Hakkını istemeyi ve almayı bilemeyen bir toplumsal modelimiz var. Hasta-hekim ilişkisinde yetişkin-yetişkin ilişkisi değil de, çocuk-ebeveyn ilişkisine benzer bir profilde gidiyoruz. İş yerinde de durumlar aynı olabilir. Mesela; amiriniz pozisyonundaki kişi veya kişilerle ilişkilerde de bu tarz bir modeli görmek çok zor değil. Oysa iş yerinde herkes yetişkin! İş yeri ilişkileri duygusallıktan uzak ve profesyonelliğe dayalı yetişkin-yetişkin ilişkisi olmalı. Bir arkadaşım, zorunlu hizmette yaşadıklarını anlatıyor. “Aile gibi olmuşlar ve ilişkilerin sınırları karışmış.” diyor. Mesela; hemşire-hekim ilişkisi değil de, daha çok abla-kardeş ilişkisi gibi! İş yeri, iş yeridir adı üstünde. İlişkiler profesyonelliğe dayalıdır. Eğer duygular işin içine girerse, geçirgen olan ve sınırları belli olmayan ilişki, sorunlu durumlarda çözümsüzlükler getirir. Bir yere tayin edildiniz ve orada akranınız, ama bulunduğu yerde eski olan bir meslektaşınız var. Bu zat herkesin ablası olmuş ve şirinlikler yaparak, herkesle farklı hukuklar oluşturarak işleri idare(!) ediyor. Siz de yeni bir şeyler yapılsın ve sorunlu durumlar çözülsün istiyorsunuz. Ama ortalık kan gölüne dönüyor. Arkadaşın yerinde gözün mü var, yoksa eski köye yeni adet mi getireceksin? Tezgah kurulu, düzgün veya değil, çark dönüyor. Siz de “Bildiğimden şaşmam” derseniz, vay size vaylar size!

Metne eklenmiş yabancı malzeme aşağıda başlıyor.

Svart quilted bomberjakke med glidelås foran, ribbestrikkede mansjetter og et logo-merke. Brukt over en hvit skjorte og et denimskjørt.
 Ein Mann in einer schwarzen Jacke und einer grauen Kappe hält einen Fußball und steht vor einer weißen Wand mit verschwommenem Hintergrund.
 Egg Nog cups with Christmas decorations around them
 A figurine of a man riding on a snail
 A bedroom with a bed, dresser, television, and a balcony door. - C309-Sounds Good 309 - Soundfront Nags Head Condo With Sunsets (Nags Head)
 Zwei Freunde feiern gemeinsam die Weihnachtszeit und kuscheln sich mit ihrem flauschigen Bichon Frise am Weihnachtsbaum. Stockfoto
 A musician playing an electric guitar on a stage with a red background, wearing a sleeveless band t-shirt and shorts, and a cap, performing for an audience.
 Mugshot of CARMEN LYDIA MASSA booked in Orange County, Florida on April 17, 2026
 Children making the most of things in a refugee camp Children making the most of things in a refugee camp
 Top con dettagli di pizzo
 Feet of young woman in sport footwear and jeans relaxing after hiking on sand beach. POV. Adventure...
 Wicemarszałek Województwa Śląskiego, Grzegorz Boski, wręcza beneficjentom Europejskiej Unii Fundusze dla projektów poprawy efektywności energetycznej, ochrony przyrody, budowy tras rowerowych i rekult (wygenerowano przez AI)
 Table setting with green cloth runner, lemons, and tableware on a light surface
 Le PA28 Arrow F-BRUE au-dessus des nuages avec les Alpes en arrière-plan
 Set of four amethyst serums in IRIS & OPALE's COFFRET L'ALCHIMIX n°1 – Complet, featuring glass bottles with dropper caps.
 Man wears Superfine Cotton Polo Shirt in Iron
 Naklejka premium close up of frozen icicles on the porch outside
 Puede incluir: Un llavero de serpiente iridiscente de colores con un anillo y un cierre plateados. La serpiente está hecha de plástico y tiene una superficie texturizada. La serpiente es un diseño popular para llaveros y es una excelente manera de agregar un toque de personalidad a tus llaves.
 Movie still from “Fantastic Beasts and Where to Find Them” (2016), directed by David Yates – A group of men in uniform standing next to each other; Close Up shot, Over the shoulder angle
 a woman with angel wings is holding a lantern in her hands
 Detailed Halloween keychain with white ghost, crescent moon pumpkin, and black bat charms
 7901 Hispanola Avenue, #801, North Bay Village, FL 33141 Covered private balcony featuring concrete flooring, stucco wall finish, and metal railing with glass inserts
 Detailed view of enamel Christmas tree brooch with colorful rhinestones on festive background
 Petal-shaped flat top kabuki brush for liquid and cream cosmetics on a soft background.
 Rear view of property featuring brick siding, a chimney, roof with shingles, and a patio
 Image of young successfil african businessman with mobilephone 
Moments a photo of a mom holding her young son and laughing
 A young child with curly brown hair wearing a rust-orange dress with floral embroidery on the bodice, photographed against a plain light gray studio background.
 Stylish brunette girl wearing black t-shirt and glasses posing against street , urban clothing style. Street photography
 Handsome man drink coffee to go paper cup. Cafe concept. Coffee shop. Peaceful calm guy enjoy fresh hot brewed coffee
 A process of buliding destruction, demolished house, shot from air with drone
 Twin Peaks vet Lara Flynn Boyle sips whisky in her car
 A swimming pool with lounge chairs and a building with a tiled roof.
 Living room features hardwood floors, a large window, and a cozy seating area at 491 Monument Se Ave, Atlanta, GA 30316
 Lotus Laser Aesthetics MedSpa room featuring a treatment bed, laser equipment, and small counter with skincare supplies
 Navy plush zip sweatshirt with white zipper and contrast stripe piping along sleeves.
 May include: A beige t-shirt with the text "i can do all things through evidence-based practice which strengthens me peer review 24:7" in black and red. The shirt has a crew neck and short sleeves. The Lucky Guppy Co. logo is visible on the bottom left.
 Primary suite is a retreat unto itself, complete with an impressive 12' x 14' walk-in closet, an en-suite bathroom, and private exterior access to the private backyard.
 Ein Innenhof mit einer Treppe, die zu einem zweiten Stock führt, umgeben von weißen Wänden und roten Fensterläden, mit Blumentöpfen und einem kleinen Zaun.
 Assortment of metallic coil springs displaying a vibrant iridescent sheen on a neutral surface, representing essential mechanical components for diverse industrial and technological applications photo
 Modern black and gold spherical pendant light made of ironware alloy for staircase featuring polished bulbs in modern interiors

Bir başka ilişki şekli örneği vereyim. Bir hastada hekim hatası olduğu iddiası ile dava açılır. Soruşturma ilerler ve hekimin kusuru bir başka hekimce ifade edilir. fiimdi ne yapmalı? Durum bir komplikasyondan kaynaklanmıyor. Tamamen yetersizlik ve beceriksizlik, biraz da sınırını bilememe diyelim. Hekimi aklayalım mı? Yoksa hasta ile empati mi yapalım? Hasta başkalarına bağımlı yaşıyor ve artık çalışamıyor. Ya hasta yakınımız olsaydı? Bir toplantıda bir arkadaşımız yöneticiye soru yöneltir ve herkesin içinde hakarete uğrar. Yönetici sesini yükseltir ve yergi dolu sözler sarf eder. Dava etmek ister yöneticiyi. Bilin bakalım ne olur? “Aaa, ne ayıp! O senin büyüğün, gönlünü alır yarın bir gün” denir. Güler misiniz, ağlar mısınız? Bu ilişkiler profesyonel olmaktan uzak, son derece feodal kökenli ilişkilerdir. Bir de ötekinin başarısına katlanamamak var. Bu da bir duygu. Adına kıskançlık diyoruz. Kıskançlık da öfke, hüzün ve sevinç gibi bir duygu. Bunu tanırsak sorun yok. Ama ne olduğunu anlamazsak, karşıdakine öfke, iftira, şüphecilik ve intikam duyguları şeklinde yönelerek zarar verici olur. Oysa, kıskançlık da diğer duygular gibi tamamen hissedene aittir; kıskanılan ile bir ilgisi yoktur.
Bu dünyada insandan zor yaratık yok; hele de insan ilişkisinden daha karmaşık hiçbir şey yok. Unutmayalım ki bu dünyayı kan gölüne çeviren Napolyon’dan tutun da Hasan Sabbah’a, Hitler’den Mussolini’ye kadar hepsi de ağır kompleks sahibi insanlardı. Belki de bu dünyayı insan kompleksleri yönetiyordur, pardon yönetemiyordur!